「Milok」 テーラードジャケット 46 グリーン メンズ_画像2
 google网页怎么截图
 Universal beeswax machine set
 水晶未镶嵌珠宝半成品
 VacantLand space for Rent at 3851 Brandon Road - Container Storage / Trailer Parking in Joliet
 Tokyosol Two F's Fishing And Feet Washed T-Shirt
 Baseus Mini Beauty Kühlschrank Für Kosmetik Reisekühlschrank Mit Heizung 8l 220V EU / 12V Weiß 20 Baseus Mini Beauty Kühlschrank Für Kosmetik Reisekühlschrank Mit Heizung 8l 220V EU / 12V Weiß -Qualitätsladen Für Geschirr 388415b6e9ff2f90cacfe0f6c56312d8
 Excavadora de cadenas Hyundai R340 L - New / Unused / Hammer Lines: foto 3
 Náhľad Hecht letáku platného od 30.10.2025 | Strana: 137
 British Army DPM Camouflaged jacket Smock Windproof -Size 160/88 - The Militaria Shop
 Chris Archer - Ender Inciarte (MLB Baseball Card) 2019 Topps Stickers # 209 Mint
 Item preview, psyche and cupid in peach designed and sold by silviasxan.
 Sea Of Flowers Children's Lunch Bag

## [EXERCISE]
Repeat exactly the lines above from the one with "google网页怎么截图" up to and including the one with "British Army DPM". No other line belongs in the reply.

## [EXERCISE SOLUTION]
 google网页怎么截图
 Universal beeswax machine set
 水晶未镶嵌珠宝半成品
 VacantLand space for Rent at 3851 Brandon Road - Container Storage / Trailer Parking in Joliet
 Tokyosol Two F's Fishing And Feet Washed T-Shirt
 Baseus Mini Beauty Kühlschrank Für Kosmetik Reisekühlschrank Mit Heizung 8l 220V EU / 12V Weiß 20 Baseus Mini Beauty Kühlschrank Für Kosmetik Reisekühlschrank Mit Heizung 8l 220V EU / 12V Weiß -Qualitätsladen Für Geschirr 388415b6e9ff2f90cacfe0f6c56312d8
 Excavadora de cadenas Hyundai R340 L - New / Unused / Hammer Lines: foto 3
 Náhľad Hecht letáku platného od 30.10.2025 | Strana: 137
 British Army DPM Camouflaged jacket Smock Windproof -Size 160/88 - The Militaria Shop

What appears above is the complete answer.